To avoid undue repetition and length of the disclosure, every
possible combination is not explicitly recited. Furthermore, as the
skilled worker can ascertain, a method of the present disclosure
can comprise the steps relating to the function or operation of the
features of apparatus and systems disclosed herein.
BRIEF DESCRIPTION OF THE DRAWINGS
[0089] FIG. 1 shows the steps of a method according to a first
embodiment of the invention of fabricating a liquid crystal polymer
film;
[0090] FIG. 2 schematically shows a method according to a second
embodiment of the invention of fabricating a liquid crystal polymer
film;
[0091] FIG. 3 schematically shows a method according to a third
embodiment of the invention of fabricating a liquid crystal polymer
film;
[0092] FIG. 4 shows the steps of a method according to a fourth
embodiment of the invention of fabricating a liquid crystal polymer
film;
[0093] FIG. 5 schematically shows a method according to a fifth
embodiment of the invention of fabricating a liquid crystal polymer
film;
[0094] FIG. 6 shows a photo of a homogeneously aligned LCP film
transferred onto a flexible polymer support film;
[0095] FIG. 7 shows (a) a photo of a LCP film with an array of
axially modulated optical axis orientation fabricated on a fused
silica substrate and (b) a photo of the LCP film transferred onto a
polycarbonate substrate;
[0096] FIG. 8 shows the steps of a method according to a sixth
embodiment of the invention of fabricating a liquid crystal polymer
film;
[0097] FIG. 9 schematically shows a method according to a seventh
embodiment of the invention of fabricating a liquid crystal polymer
film;
[0098] FIG. 10 schematically shows a method according to an eighth
embodiment of the invention of fabricating a liquid crystal polymer
film;
[0099] FIG. 11 shows a photo a molded LCP film fabricated using the
method illustrated in FIG. 10; and
[0100] FIG. 12 shows a molecular structure of a liquid crystal
polymer release material according to a tenth embodiment of the
invention.
DETAILED DESCRIPTION
[0101] Before explaining the disclosed embodiment of the present
invention in detail it is to be understood that the invention is
not limited in its application to the details of the particular
arrangement shown since the invention is capable of other
embodiments.

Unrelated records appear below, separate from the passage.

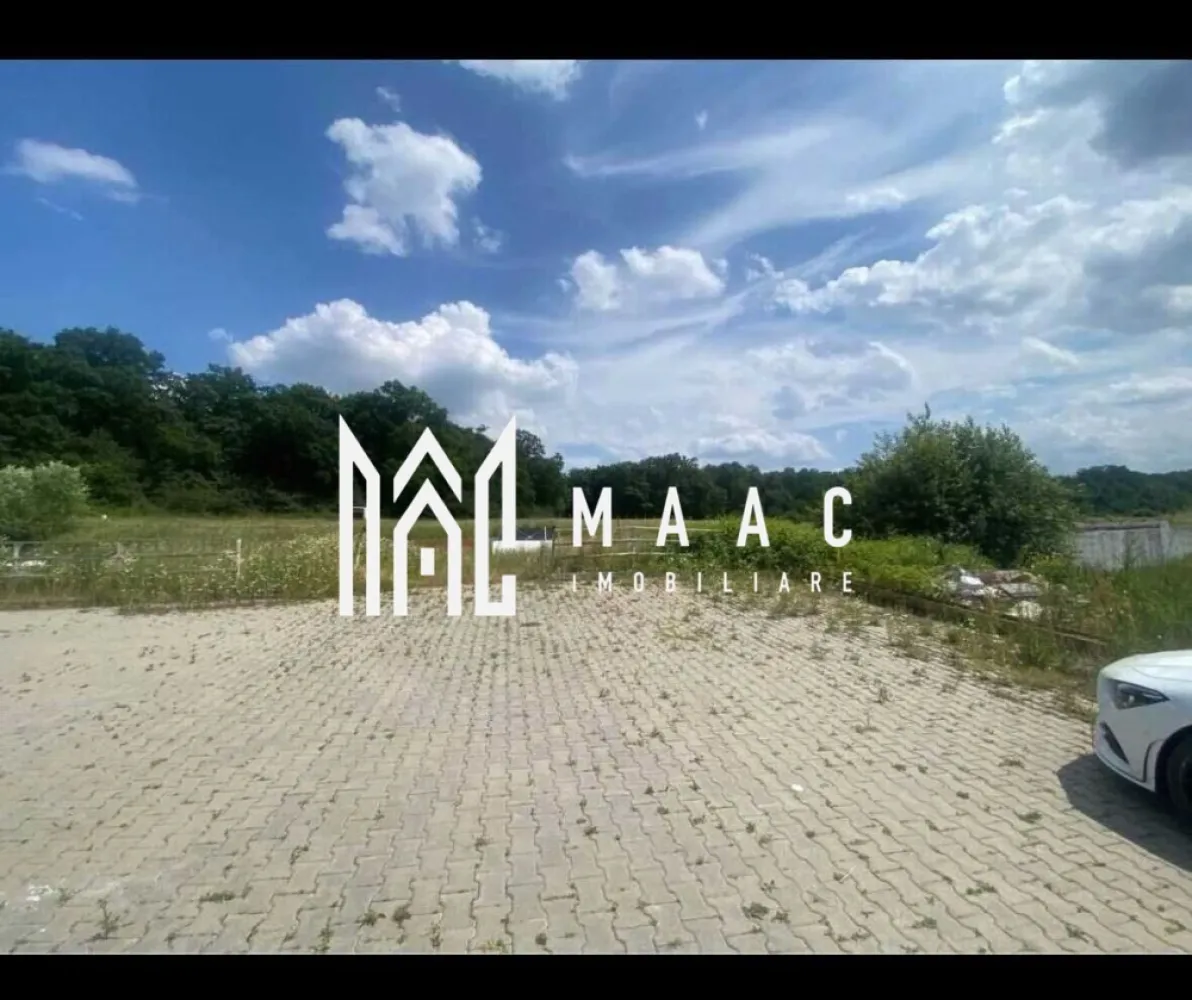 Teren intravilan I 662 mp I PUZ I Cartier amenajat I Cisnădie - MAAC Imobiliare vă propune spre achiziție teren intravilan cu suprafață de 662 mp, situate într-un cartier rezidențial modern, conceput pentru un stil de viață echilibrat și conectat. Suprafață disponibilă: 662 mp Regim de înălțime permis: P + 2 + M Procent de ocupare a terenului (POT): 40% Avantaje esențiale: Drum de acces pavat și barieră automată Utilități disponibile la parcelă: apă, canalizare, electricitate Cartier cu infrastructură completă: loc de joacă pentru copii, parcare amenajată Priveliste panoramică spre pădure, într-un cadru natural și aerisit Acces rapid către drumuri naționale 3 parcele disponibile vanzare, oferind posibilitatea achiziției totale. Aceste terenuri sunt ideale pentru construcția de case individuale sau duplexuri, într-un mediu urbanizat, dar liniștit, cu accent pe calitatea vieții. Pentru detalii suplimentare sau programarea unei vizionări, echipa MAAC Imobiliare vă stă cu plăcere la dispoziție, specificând telefonic ID CP2603192. }}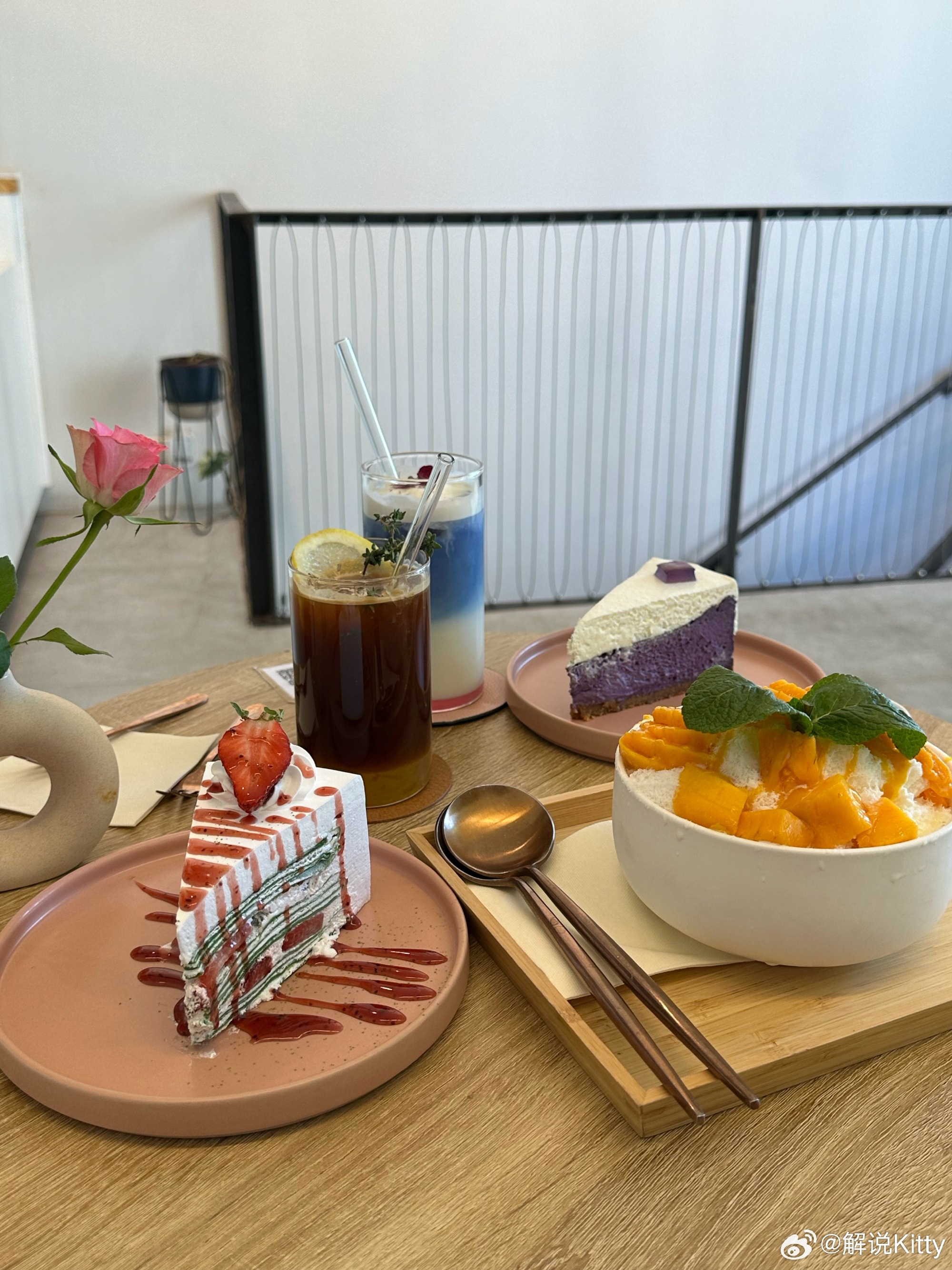 前英文流解说Kitty分享自拍美照：“爱吃草莓奶油蛋糕🍓🍰”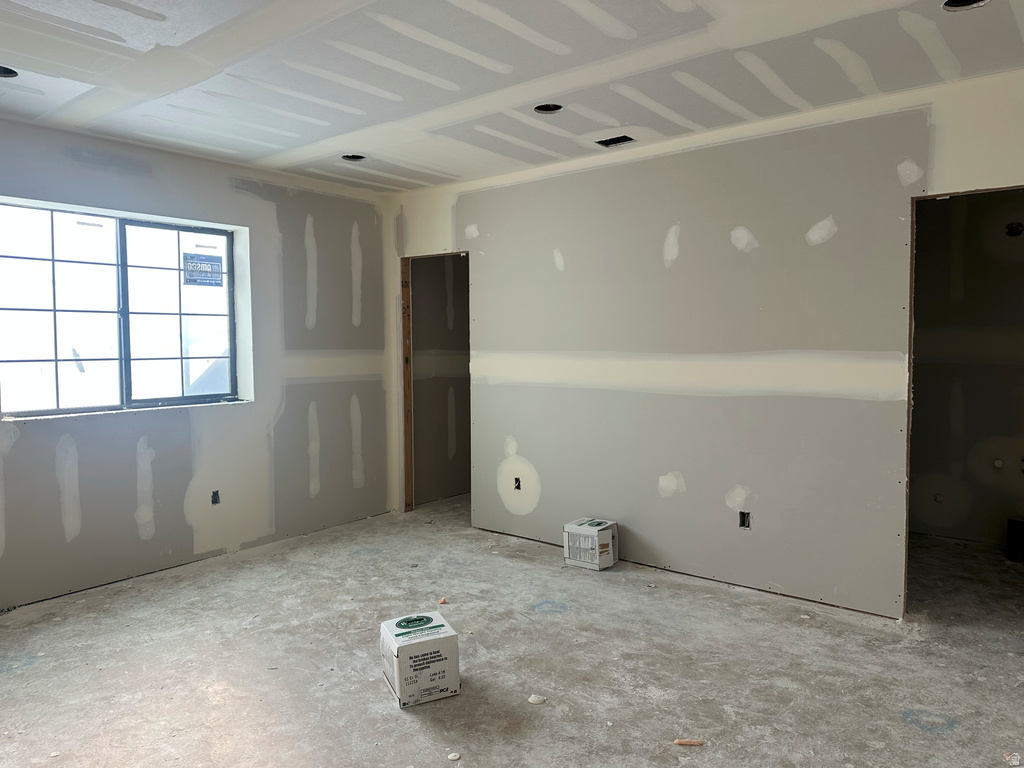 51 N HAYFIELD CIR Kaysville, UT 84037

Also, the terminology used herein is for the purpose
of description and not limitation.
[0102] Referring to FIG. 1, a first preferred embodiment of the
invention provides a method 10 of fabricating a liquid crystal
polymer film 121.
[0103] The method comprises steps (a) to (g), as follows. In step
(a) 12 a support substrate is provided. The support substrate has a
surface which has a shape arranged to define a form of the liquid
crystal polymer, LCP, film that is to be fabricated. In step (b) 14
a layer of a photoaligning material is applied over the surface of
the support substrate. The photoaligning material has an absorption
band. In step (c) 16 the said layer of photoaligning material is
exposed to a light having a linear polarization to convert the
layer of photoaligning material into a layer of photoaligned
material. The light comprises a wavelength within the absorption
band of the photoaligning material.
[0104] In step (d) 18 of the method, a layer of a polymerizable
liquid crystal is applied over the layer of photoaligned material
111. In step (e) 20 photopolymerization of the layer of
polymerizable liquid crystal is performed, to form a liquid crystal
polymer, LCP, film.
[0105] Step (f) 22 comprises releasing the liquid crystal polymer
film from the support substrate by applying a solvent to the layer
of photoaligned material. The solvent is formulated to dissolve the
photoaligned material, to thereby release the LCP film. In the
final step (g) 24, the liquid crystal polymer film is removed from
the support substrate.
[0106] In a second embodiment, illustrated in FIG. 2, the invention
provides a method of fabricating a liquid crystal polymer film 121.
The method of this embodiment is similar to the method 10 of the
first embodiment, with the following modifications.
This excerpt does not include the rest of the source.